Though Royal Oak RD#2 was the show-stopper, there were some 100 Audemars Piguet novelties, ranging from dial changes to complete new models. CEO François-Henry Bennahmias says that it is a case of presenting more options. 

“Consumers want more options when they buy into the brand. This is especially so for women because when you are spending 25, 30 or 40 thousand on a watch, you want options. And of the 40,000 watches we sell every year, 10,000 are to repeat clients. So if we want to keep the momentum going, we have to come up with new things. The Royal Oak remains the foundation of the brand, the base of everything.”
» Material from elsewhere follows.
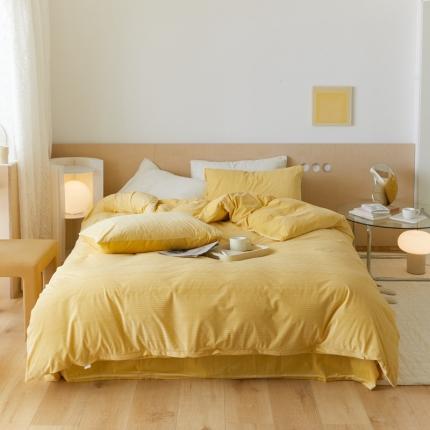 91家纺网 家纺一手货源 找家纺 梦享生活家居 2021新款麻花丽丝绒四件套 麻花奶黄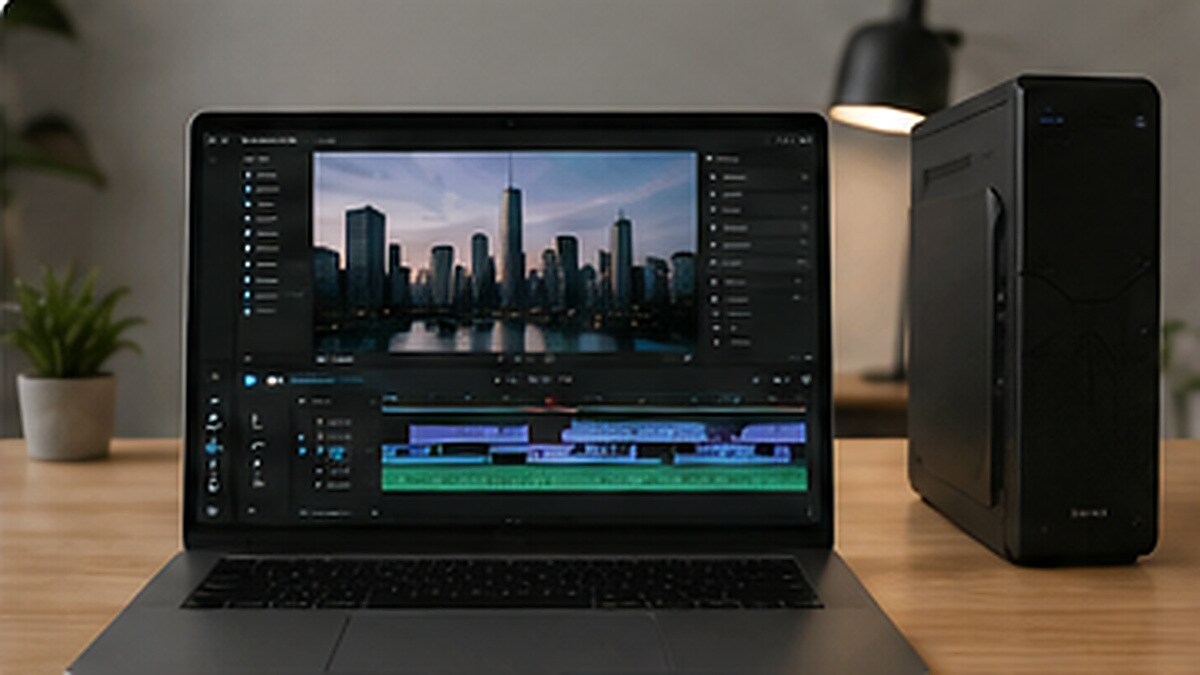 Montaggio video su laptop vecchio con preview ridotta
True to his word, Bennahmias presented a stunning option for women which was also the brand’s first flying tourbillon. The Royal Oak Concept Flying Tourbillon concept watch understands that women like diamonds, but they also like technology – haute joaillerie meets haute horlogerie. The two models are big – 38.5mm – and bold, with either brilliant-cut diamonds or baguette-cut diamonds set in 18ct white gold on an openwork face.

“We get more and more inquiries every day from women who want complicated watches and we have been asked many times, ‘why not a lady’s concept watch?’ The biggest issue was the shape of the case which is very flat in the men’s models and wouldn’t fit any woman’s wrist.” The challenge was to fit the movement into an ergonomic shape suited to the female form.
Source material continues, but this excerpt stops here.